The FSA said 25 of the samples were found to contain only beef, which is cheaper than lamb.
Food inspectors have been analysing fast food across Britain and found that lamb had routinely been replaced with pork, beef, chicken, turkey.
The studies by FSA and another by consumer group Which? come more than a year after the supermarket horse meat scandal and suggest food fraud is still widespread.
Takeaway owners are also being warned that they can be fined up to 5,000 pounds for mislabelling food.
"Prosecutions have taken place against business owners for mislabelling lamb dishes, but the recurring nature of the problem shows there needs to be a renewed effort to tackle this problem," chief operating officer at the FSA, Andrew Rhodes said.
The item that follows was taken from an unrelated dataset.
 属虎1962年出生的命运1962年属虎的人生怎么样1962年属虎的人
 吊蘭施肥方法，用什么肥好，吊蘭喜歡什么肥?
"Clearly the message isn't getting through to some businesses," he said.
The consumer organisation Which? found an even higher instance of contamination, after a series of tests in the British capital London and Birmingham, an ethnically and culturally diverse city with a large South Asian population.
In a similar experiment in London, meat in eight of the samples was not pure lamb.
"The government, local authorities and the FSA need to make tackling food fraud a priority and take tougher action to crack down on the offenders," said Richard Lloyd, the executive director of Which?
Which? also wants the government to implement some of the recommendations in the Elliott Review, which followed last year's horse meat scandal.
Among Professor Elliott's 48 interim recommendations, he suggested setting up a food crime unit, to police food standards better.
Earlier this week, the FSA also announced a new round of testing on beef products, to check for horse meat. The tests have been ordered by the European Commission following last year's scandal.